You’ve decided that a divorce is the right choice for you, but you’re lost in a sea of new terms during the most stressful time in your life. Your attorney has asked for mandatory disclosures, but you’re not even sure what that means, let alone what it requires. I hope to shed some light on what documents you must provide and why.
The following is a list of documents that are required in any proceeding where you are requesting permanent financial relief. Permanent financial relief may include requests for child support, alimony, equitable distribution of assets or debts, attorneys’ fees, suit money, or costs. Please remember that other documents may be requested, and you have a duty to supplement if changes occur or if you realize that previous disclosures were incorrect.
without further ado, here is the list of mandatory disclosures:
- A Financial Affidavit
- Tax Returns: provide all federal and state income tax returns, gift tax returns, and intangible personal property tax returns for the past 3 years
- If you have not filed for the previous year, provide IRS forms W-2, 1099, and K-1 for that year
- Income: provide pay stubs or other proof of earned income for the 3 months prior to filing the petition
- Income: provide a statement identifying the amount and source of all income from any source during the 3 months prior to filing the petition, if it is not reflected on the pay stubs
- Loans: provide all loan applications and financial statements prepared or used within the 12 months prior to filing the petition (whether used to obtain or attempt to obtain credit or for any other purpose)

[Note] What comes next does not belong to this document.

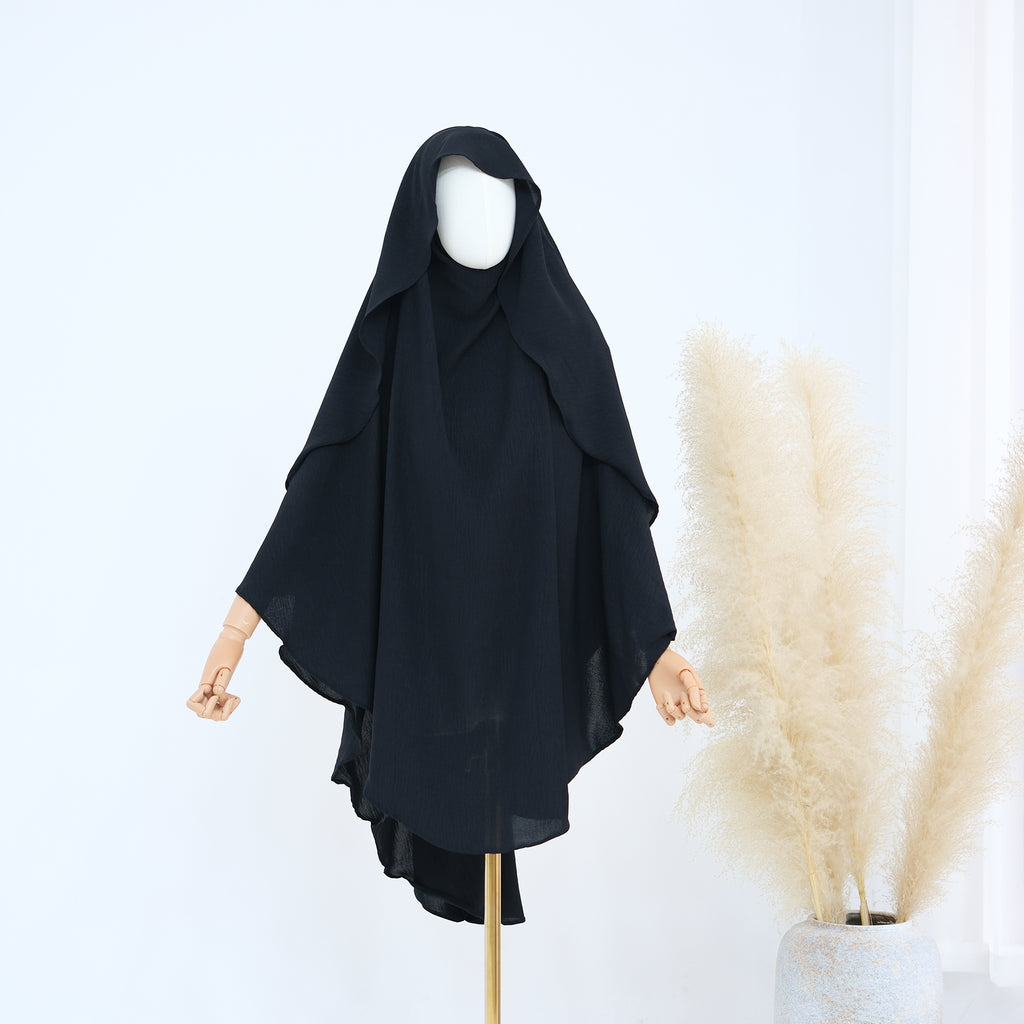 Black abaya on a mannequin against a white background with pampas grass.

- Deeds/promissory notes/leases: provide all deeds within the last 3 years, all promissory notes within the last 12 months, and all present leases, in which you own/owned an interest
- Bank Accounts: provide all periodic statements from the last 3 months for all checking accounts, and from the last 12 months for all other accounts (savings, money markets, CDs, etc.). Even if the account has since been closed
- Brokerage Accounts: provide all brokerage account statements held within the last 12 months or in which you hold an interest
- Retirement Accounts: provide most recent statement for any profit sharing, retirement, deferred compensation, or pension plans (IRA, 401(k), 403(b), SEP, KEOGH, etc.)

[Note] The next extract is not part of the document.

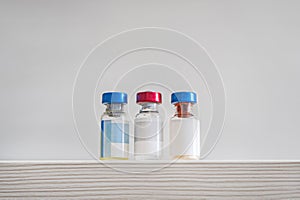 medical vaccine vials or bottles on table top over gray background. blank vial template for label. empty white label on the bottle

- Life Insurance Policies: provide the declarations page, last periodic statement and the certificate for all policies covering your life, or your spouse’s life
- Health Insurance Policies: provide current health and dental insurance cards covering either party and/or dependents
- Businesses: provide all tax returns for the last 3 tax years if you have an ownership/interest in a business entity or trust greater than or equal to 30%
- Credit Cards and other Debts: provide all notes for the last 12 months showing any indebtedness as of the date of filing the petition
- Lease Agreements: provide the last 3 months of all present lease agreements in which you owe/owed payments
- Premarital/Marital Agreements: provide all agreements entered into between you and your spouse, and any modifications
- Non-Marital Property: provide all documents and tangible evidence to support your claim to any asset or liability that is non-marital
- Court Orders: any court orders directing a party to pay or receive spousal or child support
Overwhelming, I know. Necessary? Absolutely. First of all, the Court requires them, even labels them as mandatory. Second, these documents allow the attorney to see a snapshot of your financial position. It allows her to properly advise you on the best approach to reach a marital settlement agreement. And, in the event an agreement cannot be reached, it allows your attorney to craft the best argument for you.
Will you have all of these documents? I don’t know. But it is best if you provide what you have access to, this way your attorney can work on your behalf and for your best interests. So if you have any questions about what these documents are, where to find them, and if you must provide them, please, ask your attorney.